*** Begin section ***

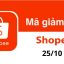 Lấy ngay mã giảm giá của Shopee ngày 25/10/2025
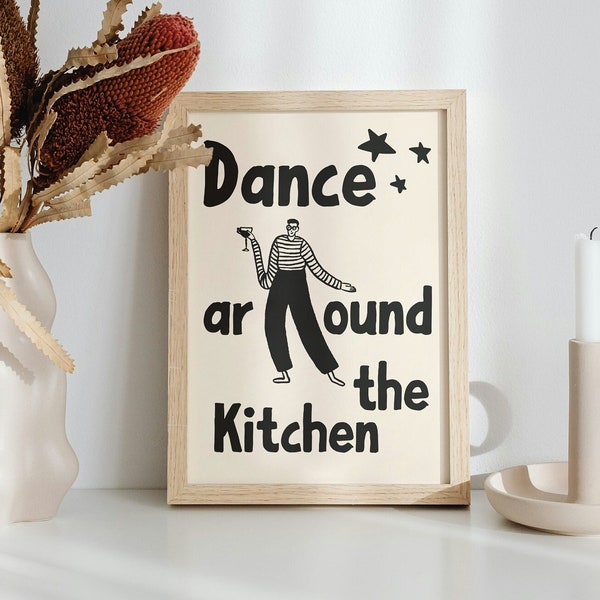 Dance Around the Kitchen Art Print | This Kitchen is for Dancing | Hand drawn Style Illustration | Beige and Black | in size A6 A5 A4 A3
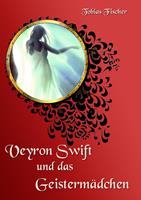 Veyron Swift und das Geistermädchen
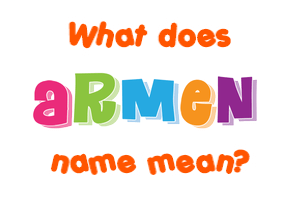 Meaning of Armen Name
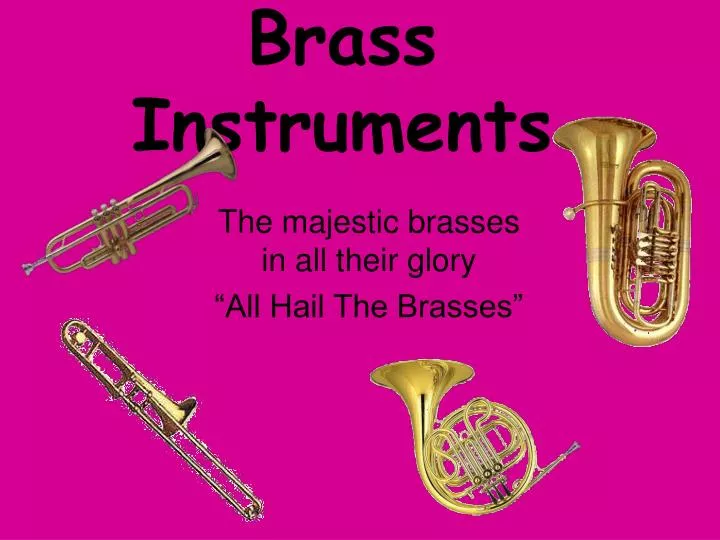 brass instruments
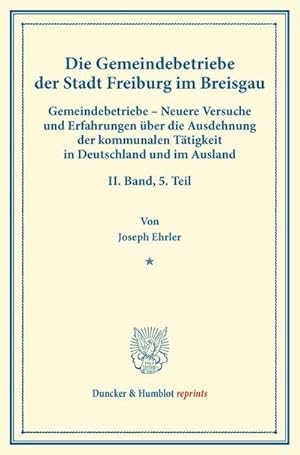 Seller image for Die Gemeindebetriebe der Stadt Freiburg im Breisgau. for sale by BuchWeltWeit Ludwig Meier e.K.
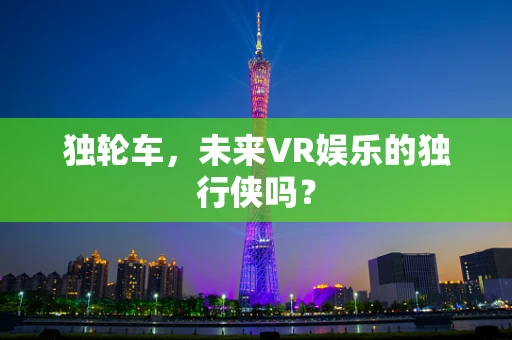 独轮车，未来VR娱乐的独行侠吗？
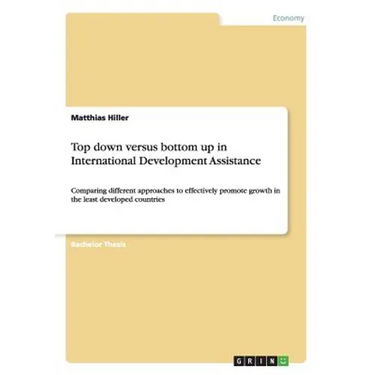 Top down versus bottom up in International Development Assistance: Comparing different approaches to effectively promote growth in the least developed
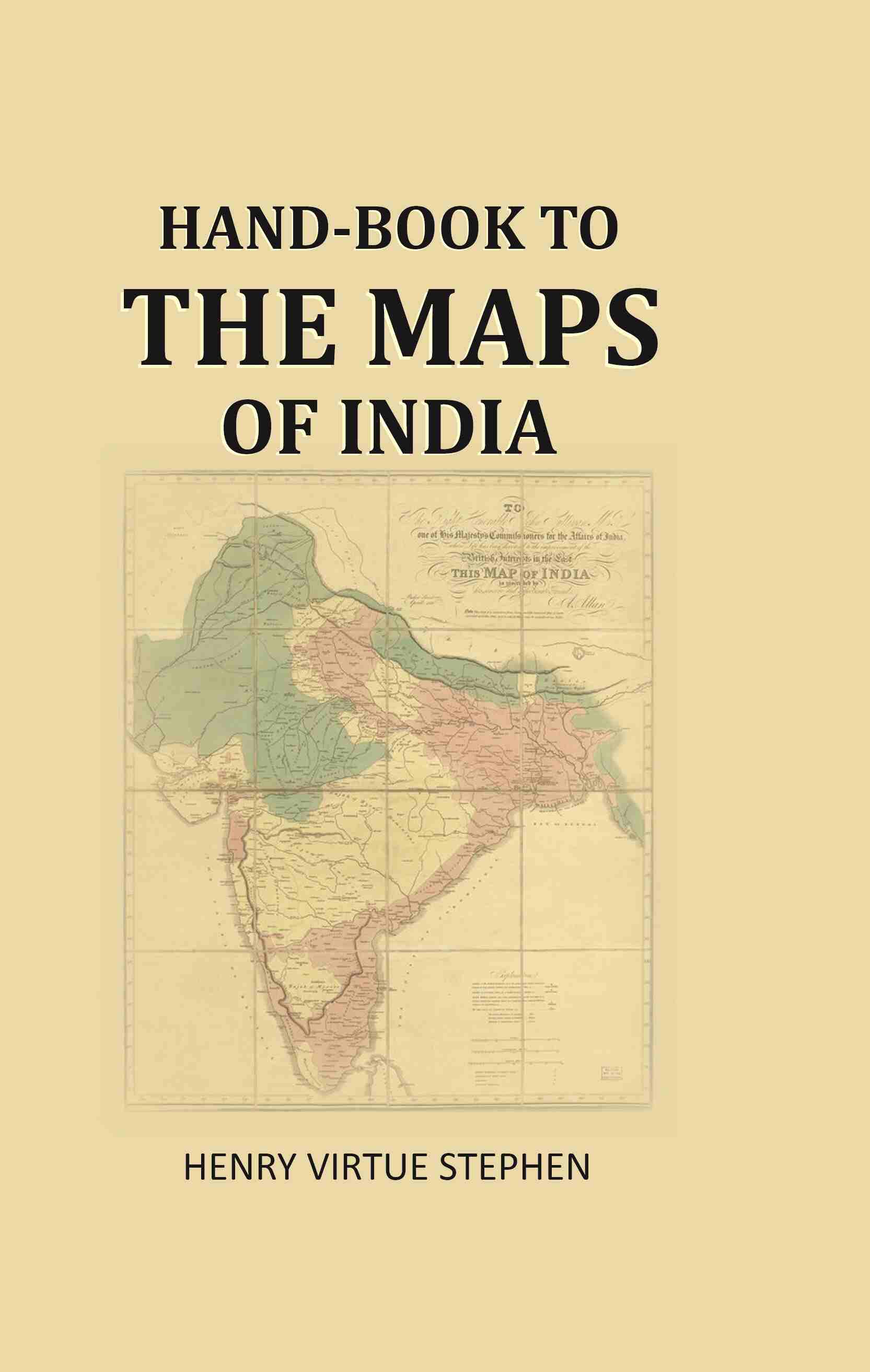 Hand-book to the maps of India - Gyan Books - Distacart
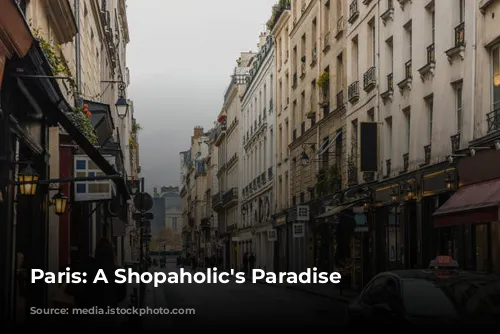 Paris: A Shopaholic's Paradise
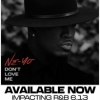 Ne-Yo Don't Love Me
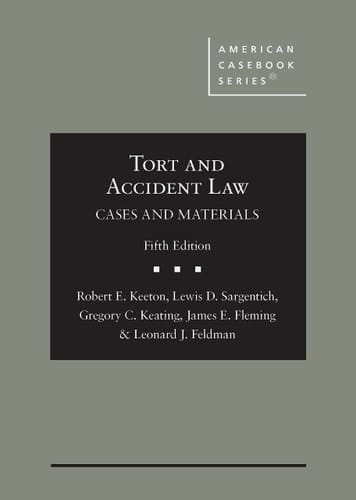 Tort and Accident Law Cases and Materials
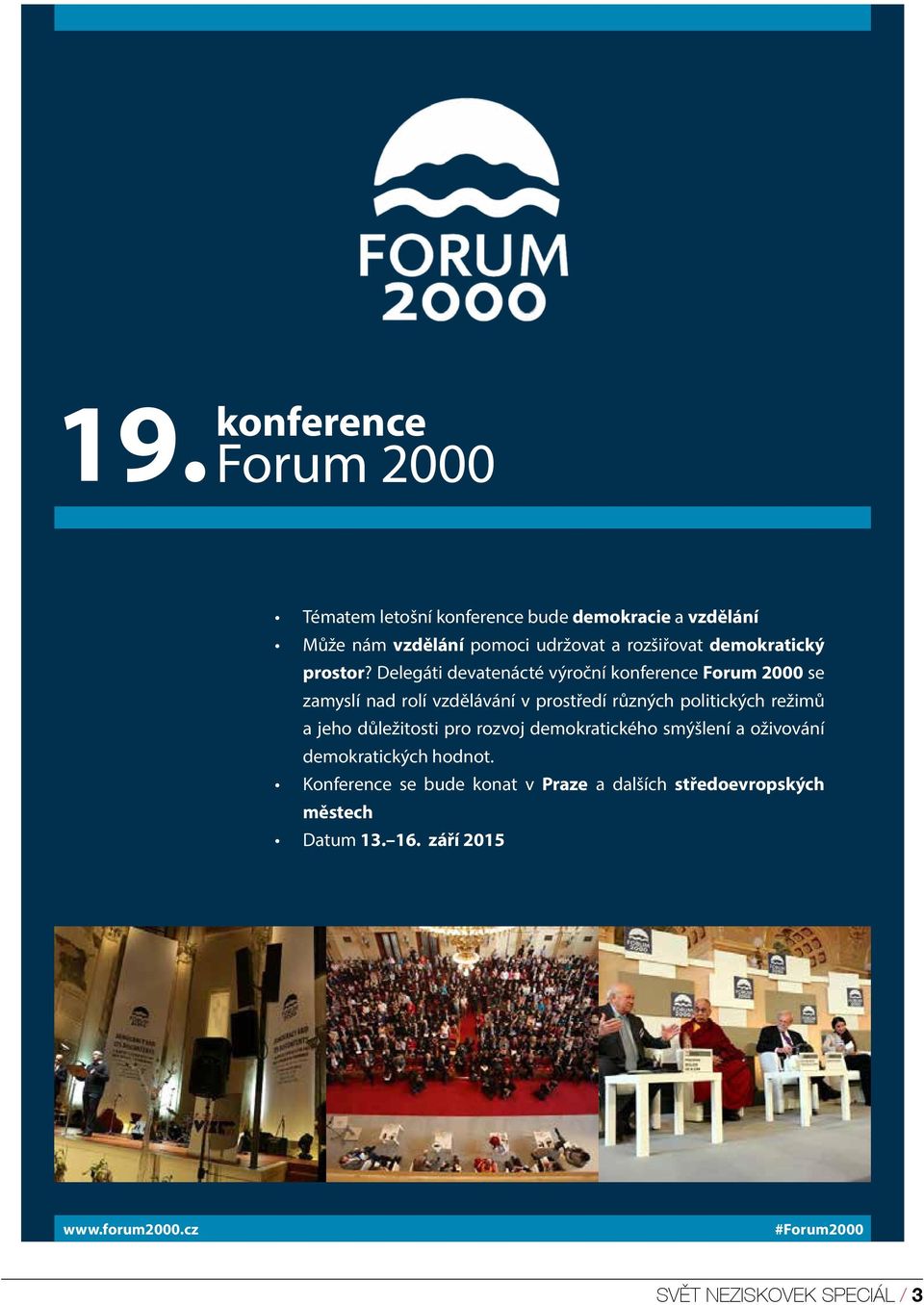 Delegáti devatenácté výroční konference Forum 2000 se zamyslí nad rolí vzdělávání v prostředí různých politických režimů a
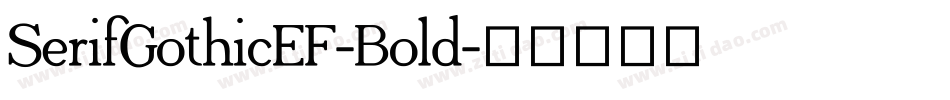 SerifGothicEF-Bold字体转换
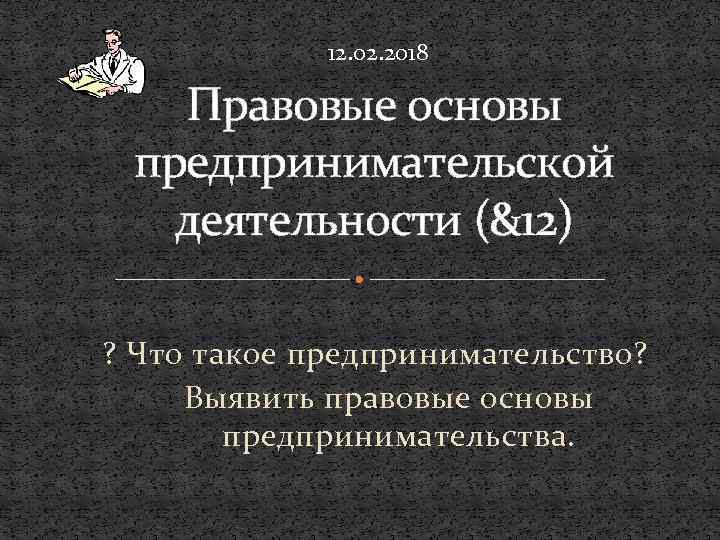 12. 02. 2018 Правовые основы предпринимательской деятельности (&12) ? Что такое предпринимательство? Выявить правовые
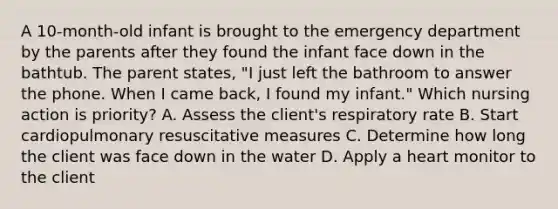 A 10-month-old infant is brought to the emergency department by the parents after they found the infant face down in the bathtub. The parent states, "I just left the bathroom to answer the phone. When I came back, I found my infant." Which nursing action is priority? A. Assess the client's respiratory rate B. Start cardiopulmonary resuscitative measures C. Determine how long the client was face down in the water D. Apply a heart monitor to the client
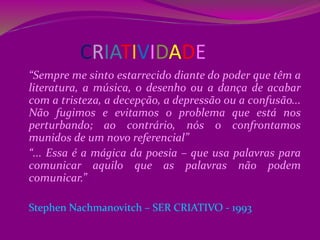 CRIATIVIDADE
“Sempre me sinto estarrecido diante do poder que têm a
literatura, a música, o desenho ou a dança de acabar
com a tristeza, a decepção, a depressão ou a confusão...
Não fugimos e evitamos o problema que está nos
perturbando; ao contrário, nós o confrontamos
munidos de um novo referencial”
“... Essa é a mágica da poesia – que usa palavras para
comunicar aquilo que as palavras não podem
comunicar.”
Stephen Nachmanovitch – SER CRIATIVO - 1993
 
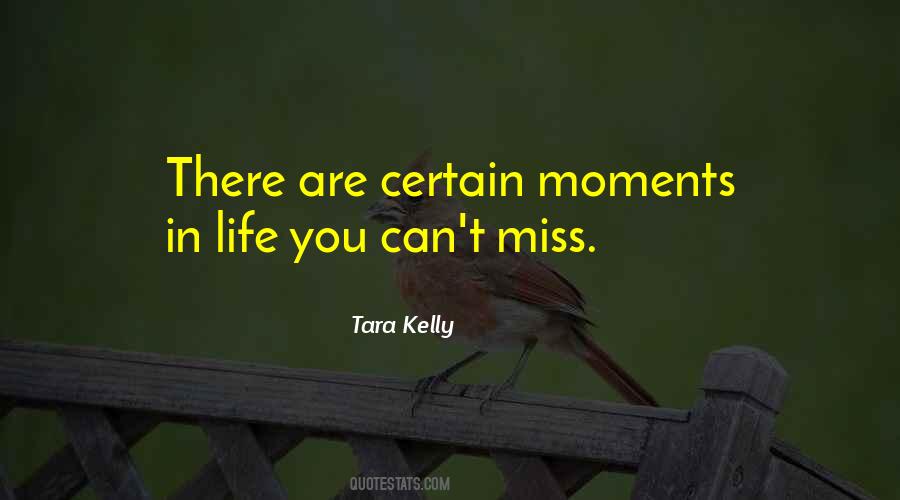 Quotes About Moments In Life #465715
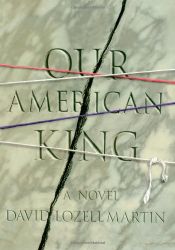 book cover of Our American King by David Lozell Martin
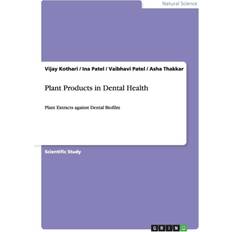 Plant Products in Dental Health Vijay Kothari 9783656591016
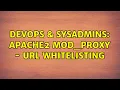 DevOps SysAdmins Apache2 mod - proxy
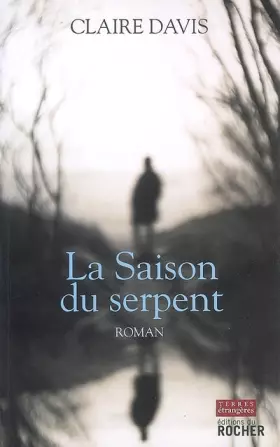 Couverture du produit · La Saison du serpent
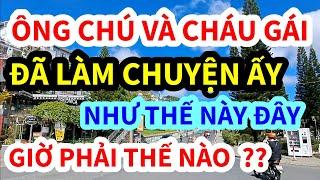 ÔNG CHÚ VÀ CHÁU GÁI , LÀM CHUYỆN ẤY THẾ NÀY, GIỜ PHẢI LÀM SAO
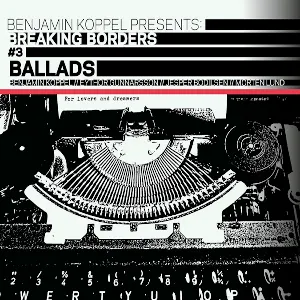 Pochette de Ballads (Breaking Borders #3) de Benjamin Koppel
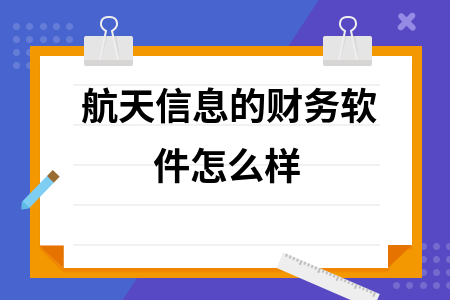 航天信息的财务软件怎么样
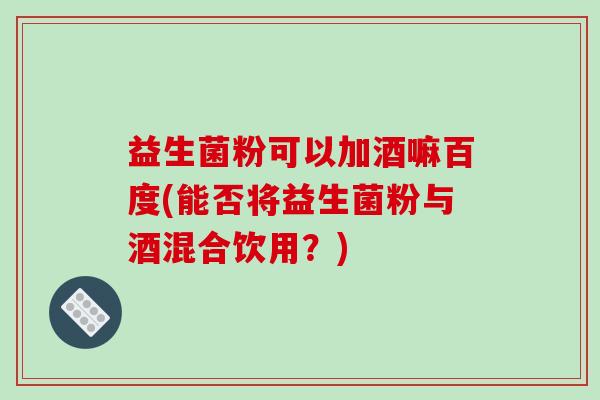 益生菌粉可以加酒嘛百度(能否将益生菌粉与酒混合饮用？)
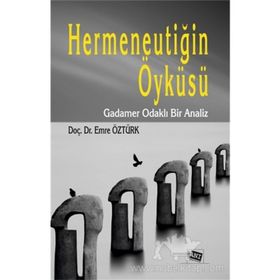 Hermeneutiğin Öyküsü - Emre Öztürk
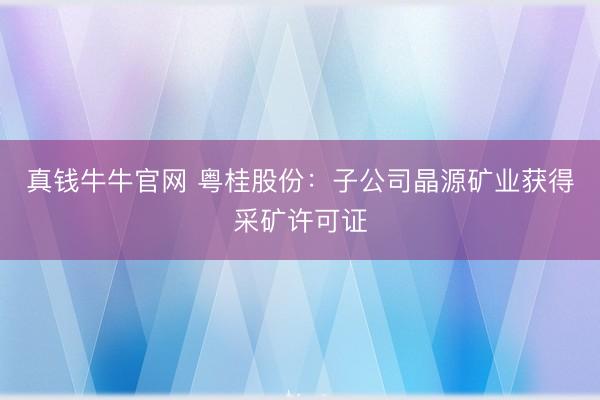 真钱牛牛官网 粤桂股份：子公司晶源矿业获得采矿许可证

*** End section ***

• **WORK INSTRUCTION**
Read through the lines above and collect those that contain the string "palavras".

• **FINAL ANSWER**
“... Essa é a mágica da poesia – que usa palavras para
comunicar aquilo que as palavras não podem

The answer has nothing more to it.